AVAILABLE DATA
========================================================================

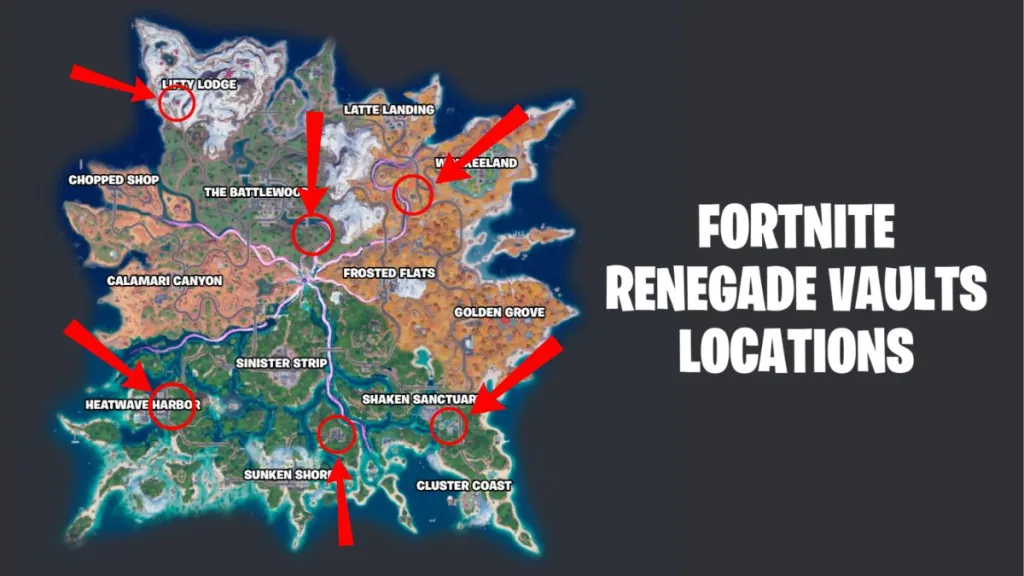 Mappa di Fortnite Capitolo 7 Stagione 3 con le posizioni dei Renegade Vault contrassegnate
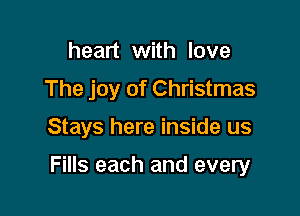 heart with love
The joy of Christmas

Stays here inside us

Fills each and every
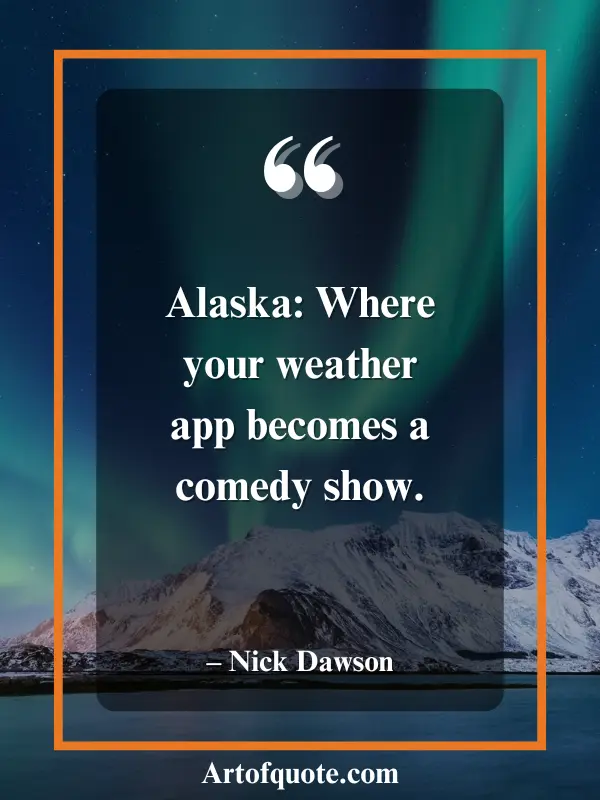 Alaska nature lover quotes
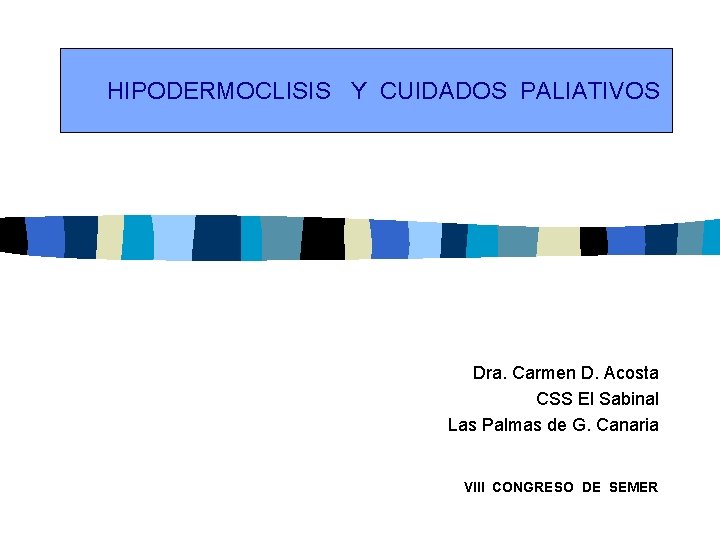 HIPODERMOCLISIS Y CUIDADOS PALIATIVOS Dra. Carmen D. Acosta CSS El Sabinal Las Palmas de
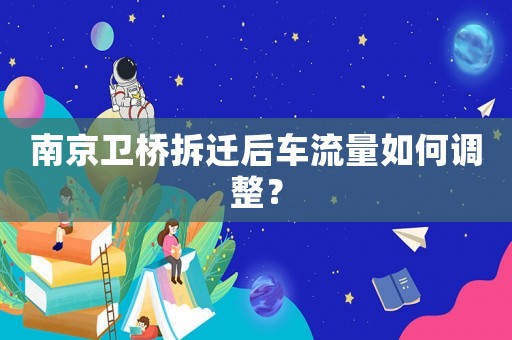 南京衛橋拆遷后車流量如何調整？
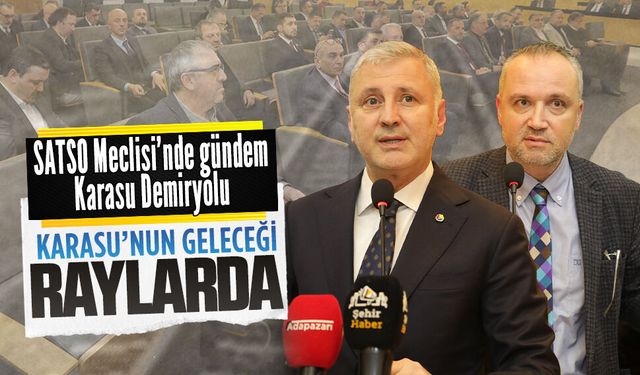 SATSO Meclisi’nde gündem Karasu Demiryolu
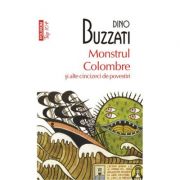 Monstrul Colombre si alte cincizeci de povestiri – Dino Buzzati Beletristica. Literatura Universala imagine 2022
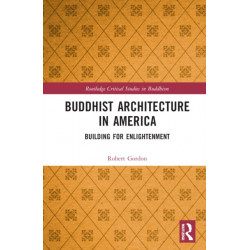 Buddhist Architecture in America: Building for Enlightenment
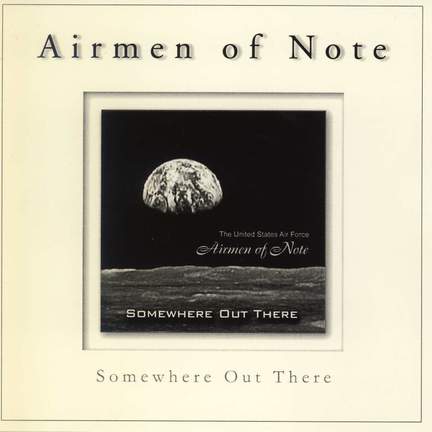 United States Air Force Airmen of Note: Somewhere Out There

========================================================================

EXERCISE
Only the lines from the one containing "南京衛橋拆遷后車流量如何調整？" through the end of the records are wanted, set down exactly and without their pictures.

ANSWER FOR THE TASK
 南京衛橋拆遷后車流量如何調整？
 SATSO Meclisi’nde gündem Karasu Demiryolu
 Monstrul Colombre si alte cincizeci de povestiri – Dino Buzzati Beletristica. Literatura Universala imagine 2022
 Buddhist Architecture in America: Building for Enlightenment
 United States Air Force Airmen of Note: Somewhere Out There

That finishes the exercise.